The data section start
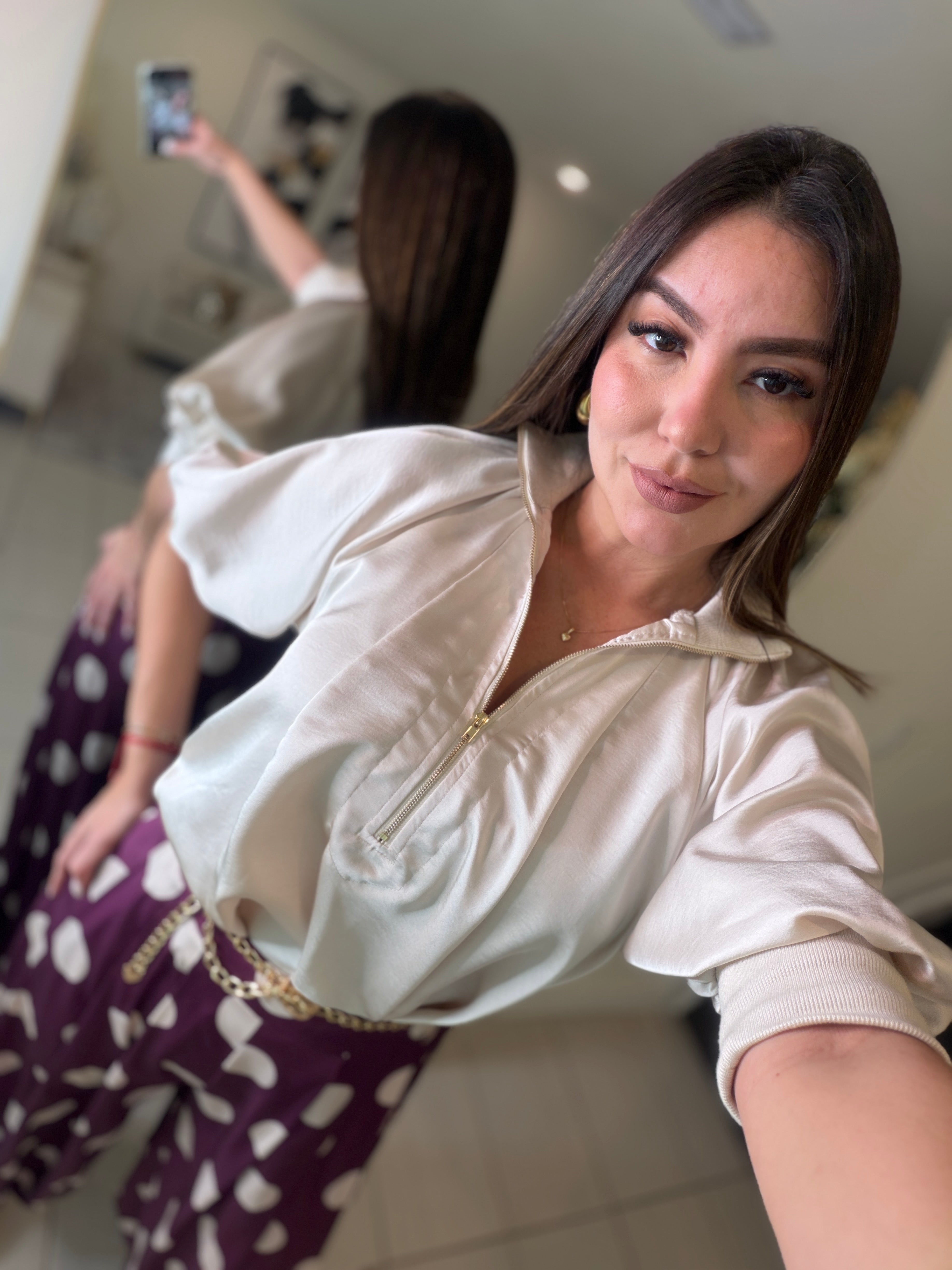 Mock Nek Band Puff Beige Top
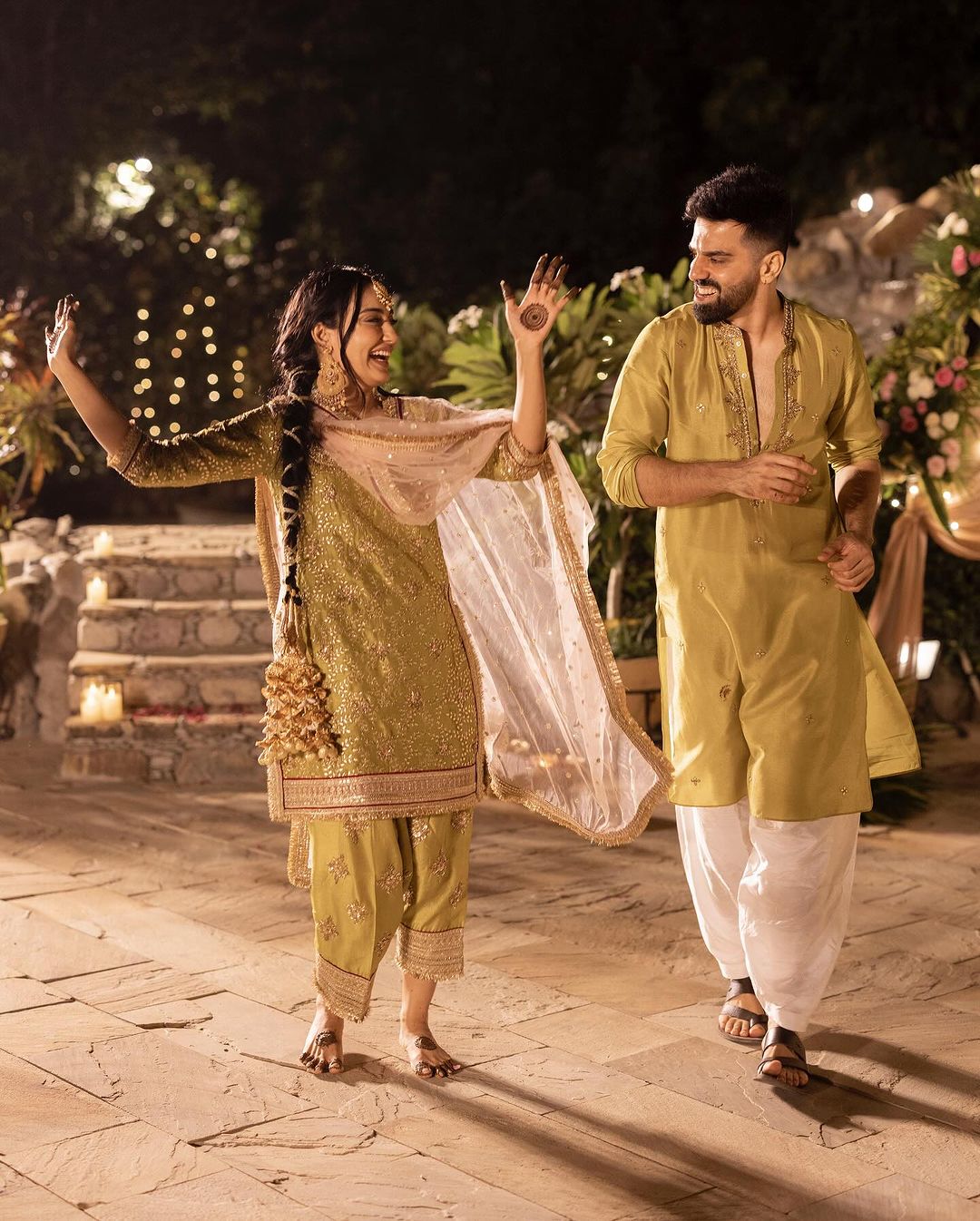 She added a light pink sheer dupatta, gold jewellery, and kept her makeup minimal for a lovely, elegant look.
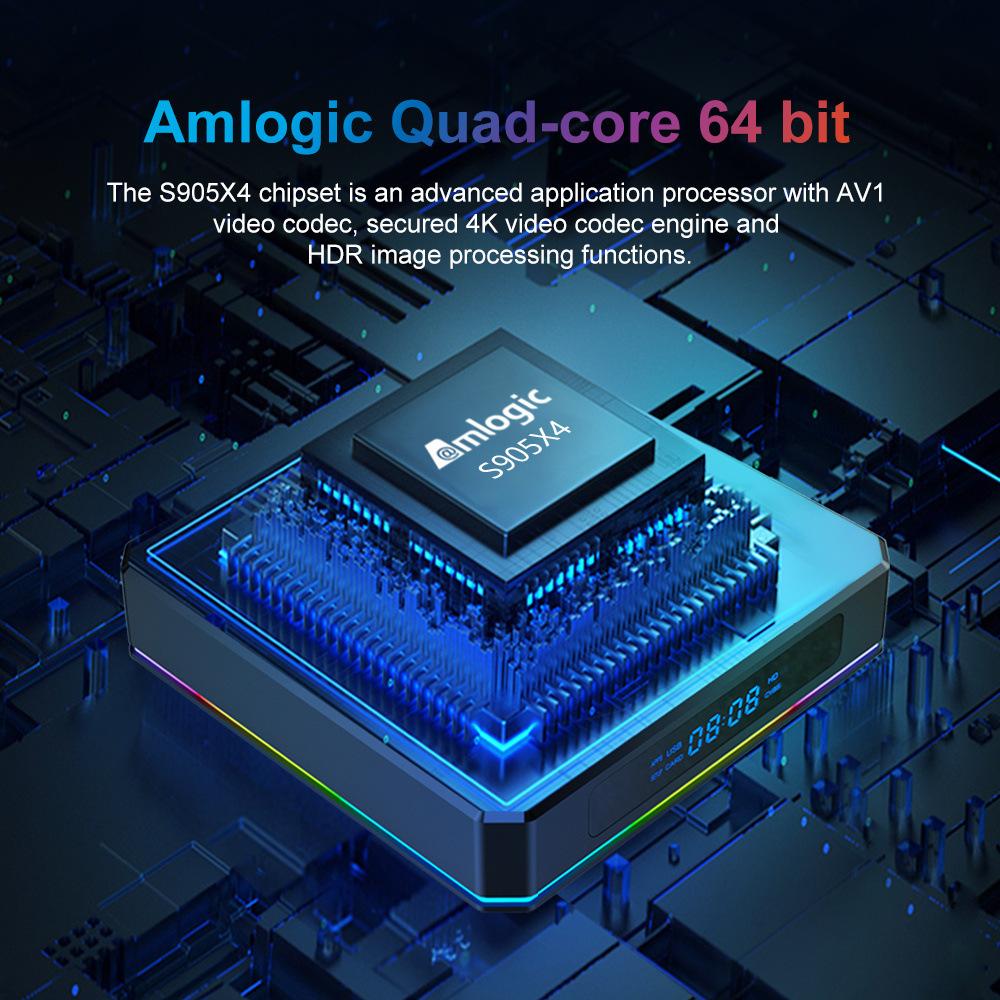 Wifi HDMI Amlogic S905X4 Android 11 Bluetooth 4.0 Android TV Set Top Box Code Smart Mini TV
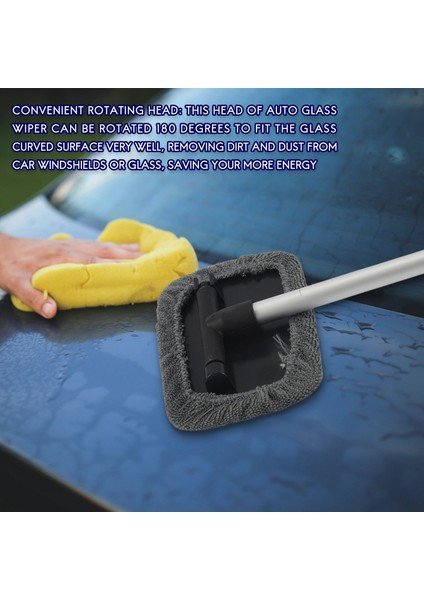 Araç Penceresi Temizleyici Fırçası, Ön Cam Cam Temizleme Aracı 8 Pcs Mikrofiber Kapakları ile Uzatılabilir Alüminyum Tutma (Yurt Dışından) modelleri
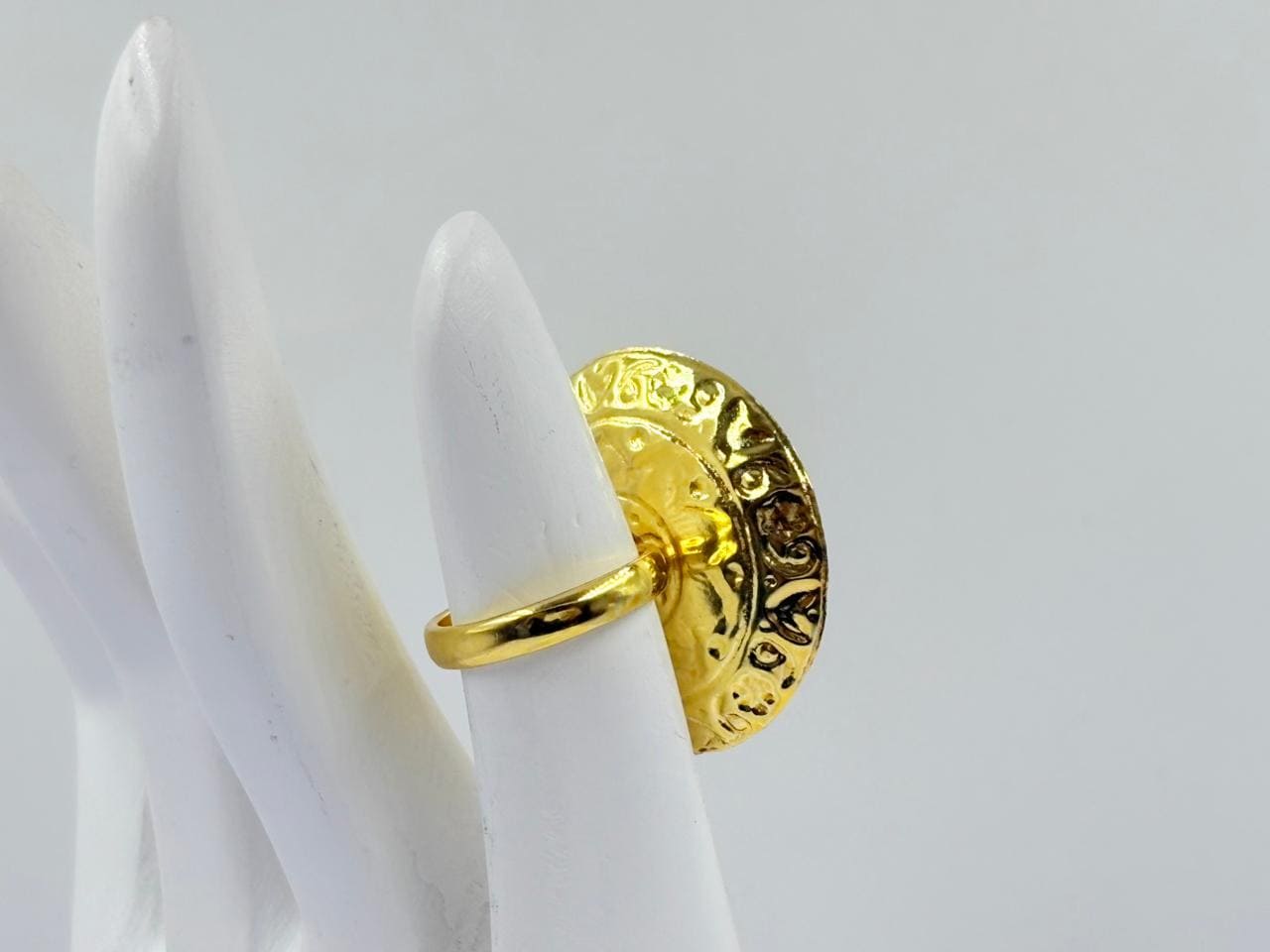 Royal White Rainbow Floral Statement Ring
The data section end
[Description of the task]: Repeat the records word for word. Any picture in them should be left out.

[Solved problem]:
 Mock Nek Band Puff Beige Top
 She added a light pink sheer dupatta, gold jewellery, and kept her makeup minimal for a lovely, elegant look.
 Wifi HDMI Amlogic S905X4 Android 11 Bluetooth 4.0 Android TV Set Top Box Code Smart Mini TV
 Araç Penceresi Temizleyici Fırçası, Ön Cam Cam Temizleme Aracı 8 Pcs Mikrofiber Kapakları ile Uzatılabilir Alüminyum Tutma (Yurt Dışından) modelleri
 Royal White Rainbow Floral Statement Ring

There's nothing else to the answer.